It’s Not the End of Print, but...
Last week, PC Magazine announced that January 2009 will mark its last printed edition. They will be an all-digital publication in February. I don’t find this move at all surprising and expect to see most magazines make this transition in the next two years or so. It makes sense that computer-related magazines will be the first to do so. They were the first magazines to begin using the web, and that’s where the majority of their readers are. Considering the cost of printing and shipping, the timeliness of the internet, and even the increased public awareness of environmental issues, the move to digital is inevitable.
At one time, I was subscribing to Print, Communication Arts, and Macworld. It has been many years since I let those subscriptions lapse. I wasn’t finding time to sit down and read them, for one, and when I did, I was finding that I had already read the “news” on websites weeks before. The power of linking to related content; even the advertising is potentially more useful online.

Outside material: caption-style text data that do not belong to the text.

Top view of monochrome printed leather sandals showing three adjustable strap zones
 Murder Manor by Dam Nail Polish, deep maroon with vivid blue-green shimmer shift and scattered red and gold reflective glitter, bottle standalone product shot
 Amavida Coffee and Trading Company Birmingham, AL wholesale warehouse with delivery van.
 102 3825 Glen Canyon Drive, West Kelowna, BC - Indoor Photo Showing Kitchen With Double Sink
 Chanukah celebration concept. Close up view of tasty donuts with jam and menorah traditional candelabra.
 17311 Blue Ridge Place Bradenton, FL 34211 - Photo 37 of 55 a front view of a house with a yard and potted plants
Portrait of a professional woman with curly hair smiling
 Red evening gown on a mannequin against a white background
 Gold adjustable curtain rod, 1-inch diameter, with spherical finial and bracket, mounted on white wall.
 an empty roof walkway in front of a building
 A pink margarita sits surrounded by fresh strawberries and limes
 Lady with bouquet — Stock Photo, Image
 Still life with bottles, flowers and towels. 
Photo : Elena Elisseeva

Magazines aren’t going to become extinct anytime soon. There are some topics that are better suited to print. But we will soon find that all of the mass-market targeted publications will have taken the plunge. What we’ll have left are very focused, small-run magazines that target extremely niche interest groups (I hesitate to even refer to them as markets), most of which will really take advantage of the medium with fine papers, rich photography, large formats, and the like.
And with mobile devices beginning to come into their own, it’s the right time.